= WHAT NEEDS TO BE DONE =
Answer with a number only: how many lines of the data contain "White"?

# # # #

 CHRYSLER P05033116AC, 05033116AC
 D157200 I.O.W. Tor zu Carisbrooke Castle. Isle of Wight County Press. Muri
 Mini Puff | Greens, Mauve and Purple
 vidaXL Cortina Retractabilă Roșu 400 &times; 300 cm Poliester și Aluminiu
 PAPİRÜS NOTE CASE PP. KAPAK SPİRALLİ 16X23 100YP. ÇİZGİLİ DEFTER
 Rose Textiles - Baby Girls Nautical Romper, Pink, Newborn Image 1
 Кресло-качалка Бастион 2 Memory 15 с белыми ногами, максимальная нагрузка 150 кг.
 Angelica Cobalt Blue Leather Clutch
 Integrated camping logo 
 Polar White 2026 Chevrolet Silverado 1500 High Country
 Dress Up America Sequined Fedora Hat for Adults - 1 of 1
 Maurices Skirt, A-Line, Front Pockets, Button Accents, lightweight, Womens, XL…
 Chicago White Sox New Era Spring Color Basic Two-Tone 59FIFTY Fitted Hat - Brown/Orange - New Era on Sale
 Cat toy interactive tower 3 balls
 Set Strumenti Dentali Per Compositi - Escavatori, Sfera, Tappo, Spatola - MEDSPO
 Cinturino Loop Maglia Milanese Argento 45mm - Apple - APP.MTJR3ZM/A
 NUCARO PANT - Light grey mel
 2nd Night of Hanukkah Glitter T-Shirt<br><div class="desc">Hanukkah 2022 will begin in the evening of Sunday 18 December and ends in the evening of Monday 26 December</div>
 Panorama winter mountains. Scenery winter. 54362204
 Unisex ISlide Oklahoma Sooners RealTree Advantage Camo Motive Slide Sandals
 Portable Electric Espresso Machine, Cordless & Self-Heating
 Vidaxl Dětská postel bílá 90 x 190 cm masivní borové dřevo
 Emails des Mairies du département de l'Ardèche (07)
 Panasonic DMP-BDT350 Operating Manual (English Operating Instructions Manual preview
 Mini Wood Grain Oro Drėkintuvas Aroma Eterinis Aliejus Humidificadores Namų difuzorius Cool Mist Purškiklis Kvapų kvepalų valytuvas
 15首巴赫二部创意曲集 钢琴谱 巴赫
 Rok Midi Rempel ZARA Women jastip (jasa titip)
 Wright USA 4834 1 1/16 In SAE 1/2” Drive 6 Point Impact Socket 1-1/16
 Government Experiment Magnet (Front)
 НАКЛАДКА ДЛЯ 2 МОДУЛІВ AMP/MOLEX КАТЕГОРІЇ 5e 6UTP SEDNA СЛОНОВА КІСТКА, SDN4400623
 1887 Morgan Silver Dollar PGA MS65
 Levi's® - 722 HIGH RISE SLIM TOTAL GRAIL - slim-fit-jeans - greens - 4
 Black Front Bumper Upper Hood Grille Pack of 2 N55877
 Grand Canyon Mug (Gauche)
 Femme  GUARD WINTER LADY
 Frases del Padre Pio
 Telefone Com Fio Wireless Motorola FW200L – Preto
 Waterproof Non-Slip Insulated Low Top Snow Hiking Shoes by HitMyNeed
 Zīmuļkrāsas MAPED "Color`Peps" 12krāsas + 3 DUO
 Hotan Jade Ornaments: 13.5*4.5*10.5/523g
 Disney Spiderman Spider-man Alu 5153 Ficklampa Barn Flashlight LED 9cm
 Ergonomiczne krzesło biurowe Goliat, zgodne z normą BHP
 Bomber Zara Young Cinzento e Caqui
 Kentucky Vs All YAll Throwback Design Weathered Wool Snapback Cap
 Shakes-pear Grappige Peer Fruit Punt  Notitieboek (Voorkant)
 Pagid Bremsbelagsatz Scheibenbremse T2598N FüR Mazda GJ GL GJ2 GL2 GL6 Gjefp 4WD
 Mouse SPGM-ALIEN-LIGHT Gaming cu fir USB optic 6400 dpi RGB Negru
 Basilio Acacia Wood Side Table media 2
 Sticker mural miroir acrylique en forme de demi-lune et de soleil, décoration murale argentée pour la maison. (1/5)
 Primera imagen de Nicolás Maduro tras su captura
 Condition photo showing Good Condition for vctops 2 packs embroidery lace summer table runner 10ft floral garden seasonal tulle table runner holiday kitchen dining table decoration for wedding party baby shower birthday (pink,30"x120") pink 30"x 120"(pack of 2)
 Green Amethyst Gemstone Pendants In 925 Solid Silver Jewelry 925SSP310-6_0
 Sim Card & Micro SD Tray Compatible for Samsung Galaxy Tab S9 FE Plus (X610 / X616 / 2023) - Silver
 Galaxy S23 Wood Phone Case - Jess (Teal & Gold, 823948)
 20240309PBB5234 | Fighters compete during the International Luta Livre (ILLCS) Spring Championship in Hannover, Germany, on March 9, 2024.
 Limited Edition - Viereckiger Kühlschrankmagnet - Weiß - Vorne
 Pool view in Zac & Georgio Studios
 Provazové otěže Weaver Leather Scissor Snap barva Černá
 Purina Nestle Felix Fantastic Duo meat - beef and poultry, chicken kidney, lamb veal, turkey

# # # #

= EXPECTED ANSWER =
2